Un ejemplo concreto de cómo los cambios son sistémicos tiene que ver justamente con la piel. “Todo lo que vemos por fuera es un reflejo de lo que pasa dentro. Es el órgano más grande que tenemos, y es uno de los que primero reflejan un cambio de alimentación. En primer lugar, tomar agua, hidratarse. Y cuando digo agua es agua, no cuentan el té, el mate, el café, las gaseosas. Agua. Un cuerpo hidratado da como resultado una piel humectada. Tratar de consumir alimentos naturales, incluir muchos vegetales, sobre todo de hojas verdes y los rojos ayudan a mejorar la piel, y los cítricos que tienen vitamina C. Evitar el alcohol, el azúcar, los pesticidas, la comida ultra procesada, lácteos, gluten y cafeína en exceso, frituras, estrés, falta de sueño y emociones y pensamientos negativos.
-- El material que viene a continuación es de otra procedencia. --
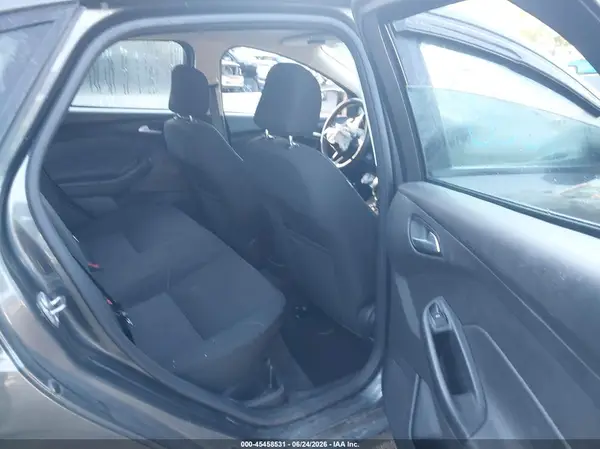 1FADP3F23HL294985 2017 FORD FOCUS - Image 8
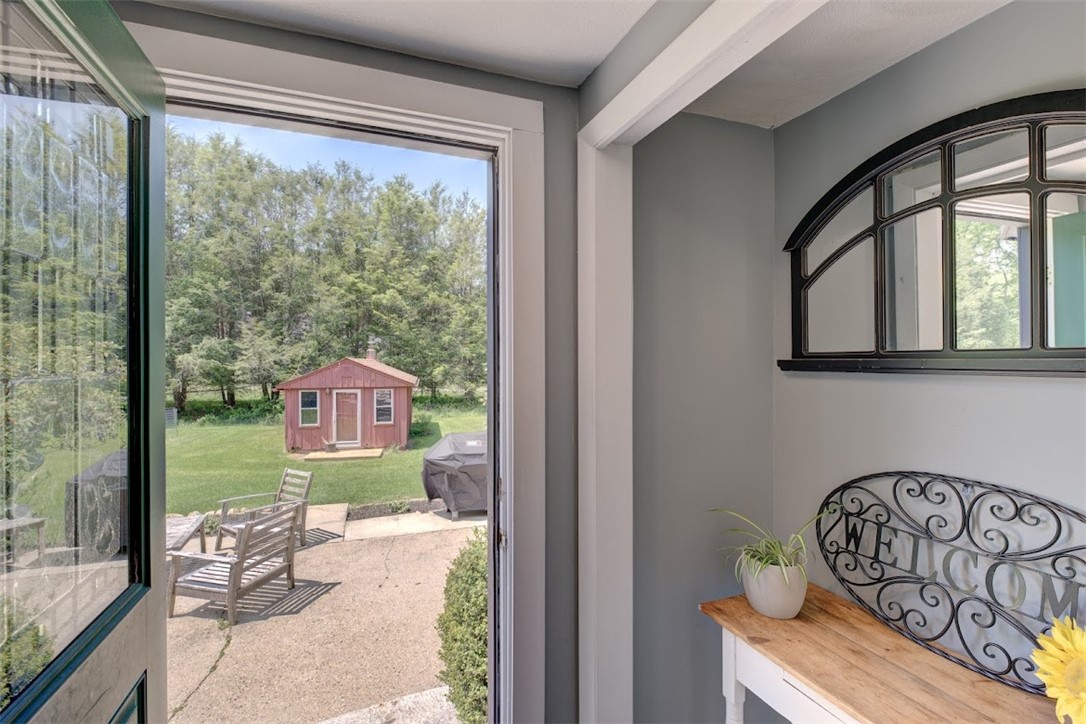 740 S Road East Greenwich, RI 02818 - Photo 8 of 34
Lo que nos ponemos en la piel obviamente es importante: un gran porcentaje de lo que aplicamos va al torrente sanguíneo, entonces mi recomendación es elegir productos naturales”, detalla Méndez.

Un punto importante de la guía es el que nos invita a enamorarnos de nosotras. En estos tiempos de mandatos sociales (muchas veces potenciados desde las redes) que nos exigen perfección y nos distancian de nosotras mismas, ¿cómo reconciliarnos?

“La relación que tengas con vos define la relación que vas a tener con los demás –afirma la health coach–. El amor propio no empieza cuando bajás 5 kilos, encontrás al amor de tu vida y tenés la casa de tus sueños. Se puede y se debería cultivar ya, en la situación en la que estés. Y si lo lográs, todo tu mundo va a cambiar”. Mirarnos al espejo y estar felices con la imagen que nos devuelve (no solo hablando de imagen sino de lo que somos, de lo cual el físico es sólo una pequeña parte) podría ser un muy buen objetivo para este 2019.